What is being asked:
Beginning with the line that contains "Used Audi Q3" and ending with the last line of the records, write out each line exactly and omit the pictures.

Source material:
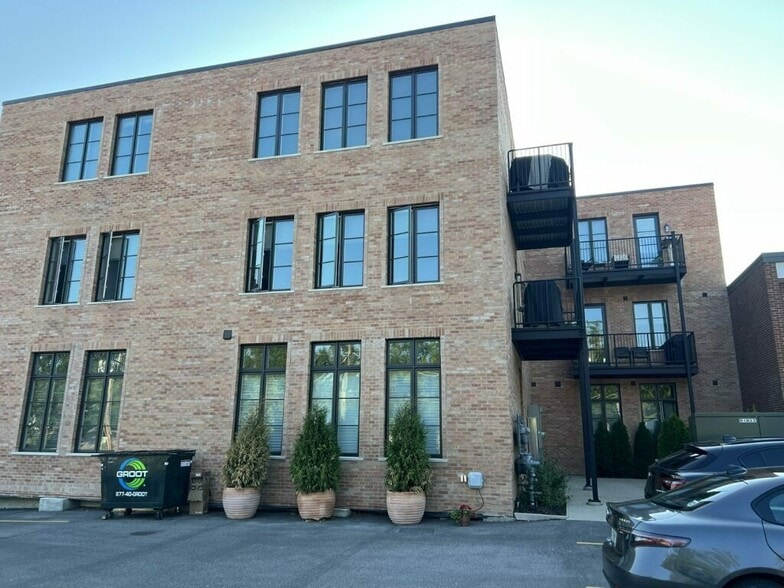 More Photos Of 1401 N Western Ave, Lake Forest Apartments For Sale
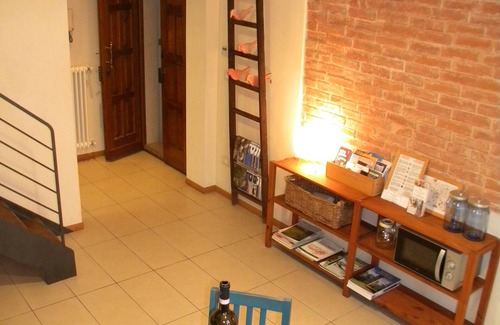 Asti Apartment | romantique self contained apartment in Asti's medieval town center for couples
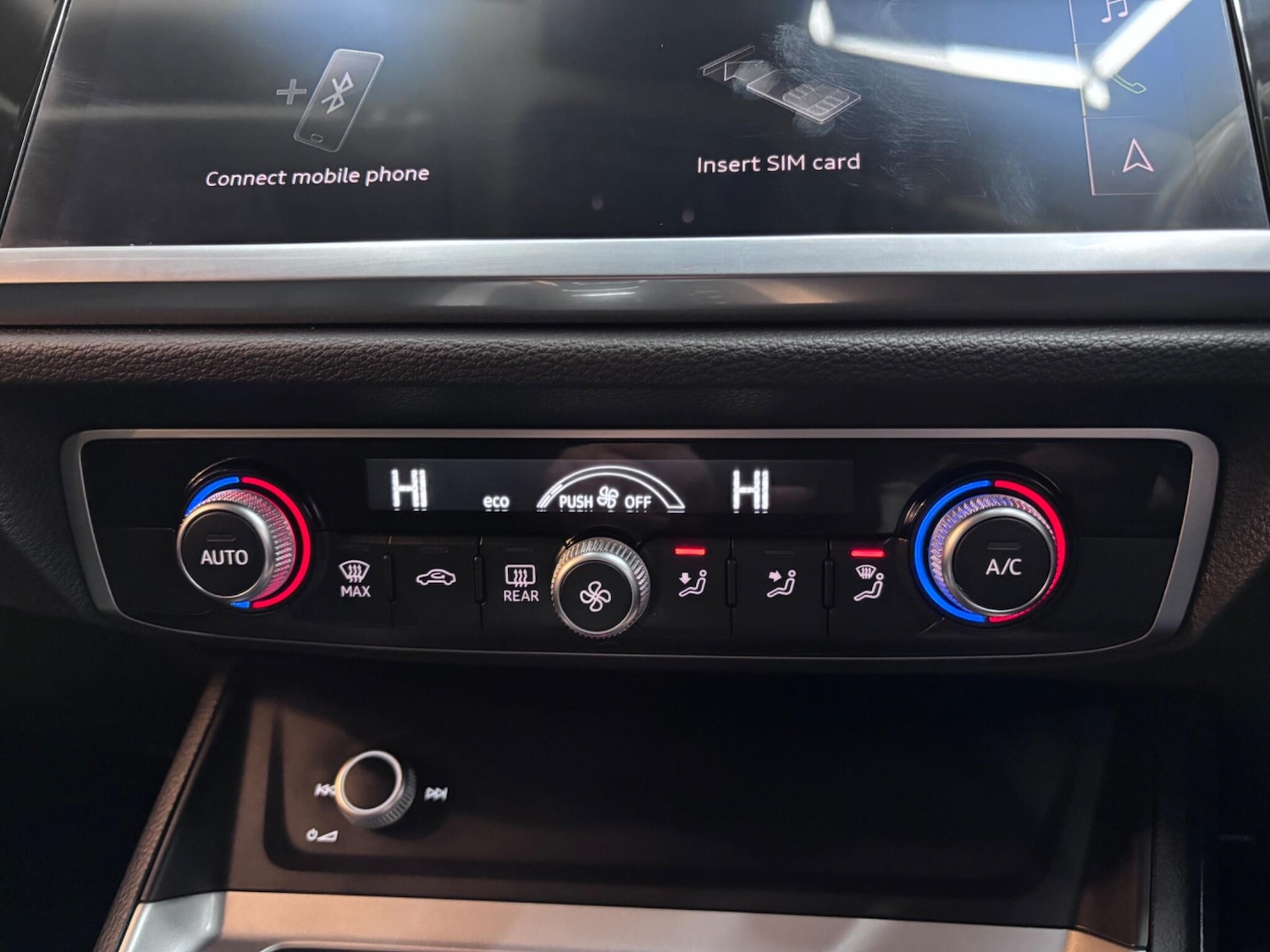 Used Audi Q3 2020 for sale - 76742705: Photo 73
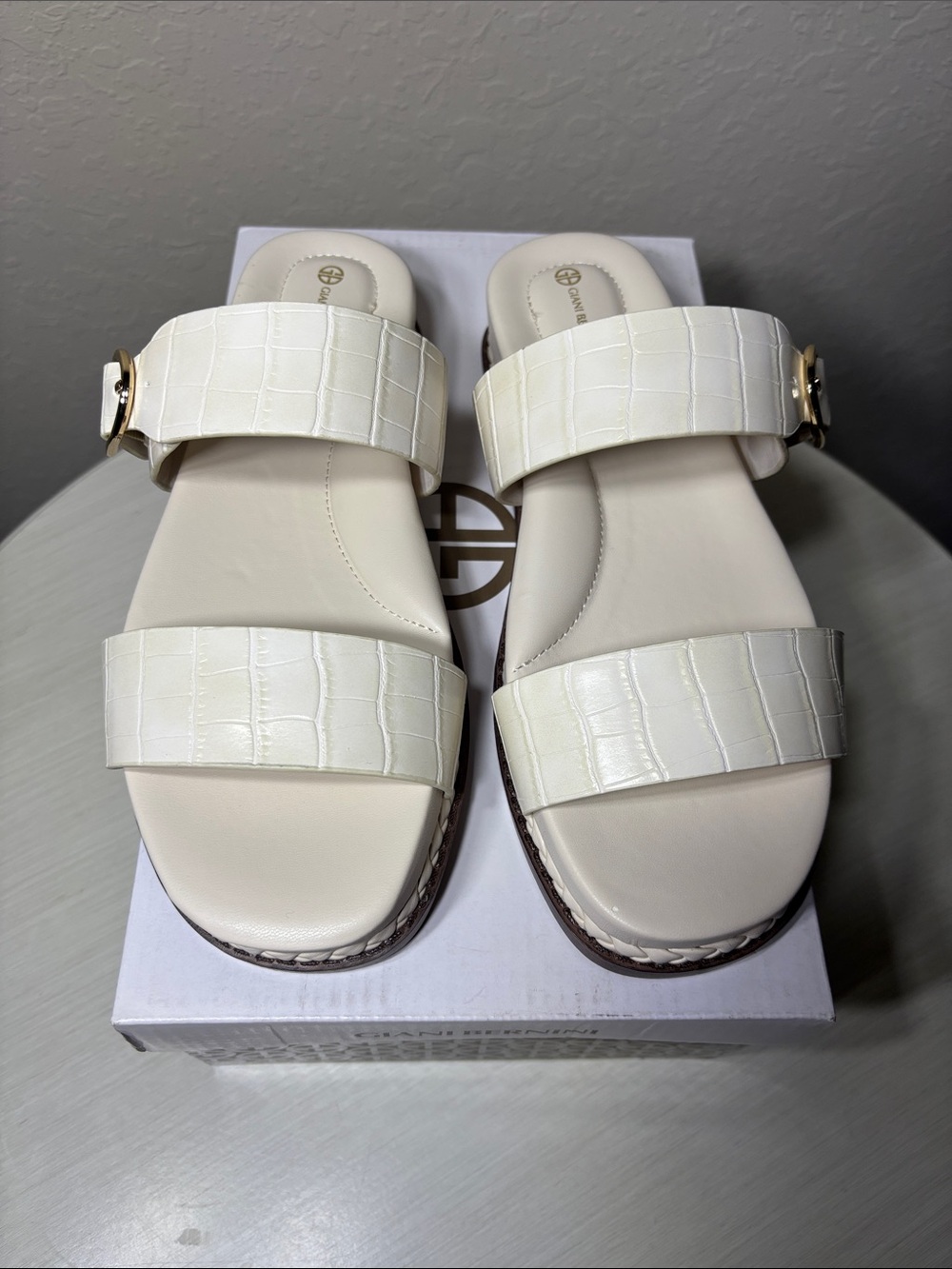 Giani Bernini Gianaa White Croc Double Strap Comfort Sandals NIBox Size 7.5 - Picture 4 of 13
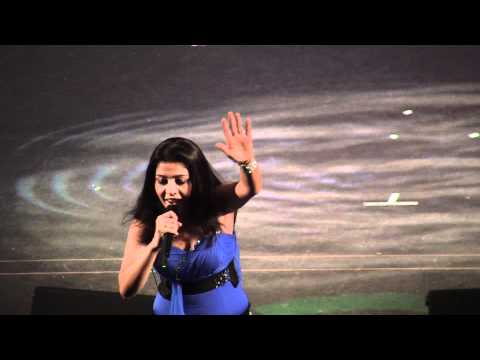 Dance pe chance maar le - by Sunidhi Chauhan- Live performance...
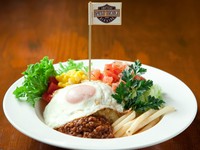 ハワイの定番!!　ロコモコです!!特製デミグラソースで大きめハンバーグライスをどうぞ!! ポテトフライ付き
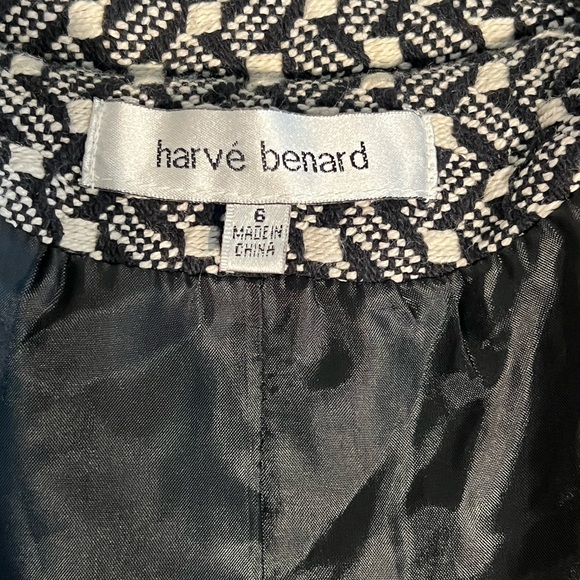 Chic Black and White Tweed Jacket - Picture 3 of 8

Solution to this problem:
 Used Audi Q3 2020 for sale - 76742705: Photo 73
 Giani Bernini Gianaa White Croc Double Strap Comfort Sandals NIBox Size 7.5 - Picture 4 of 13
 Dance pe chance maar le - by Sunidhi Chauhan- Live performance...
 ハワイの定番!!　ロコモコです!!特製デミグラソースで大きめハンバーグライスをどうぞ!! ポテトフライ付き
 Chic Black and White Tweed Jacket - Picture 3 of 8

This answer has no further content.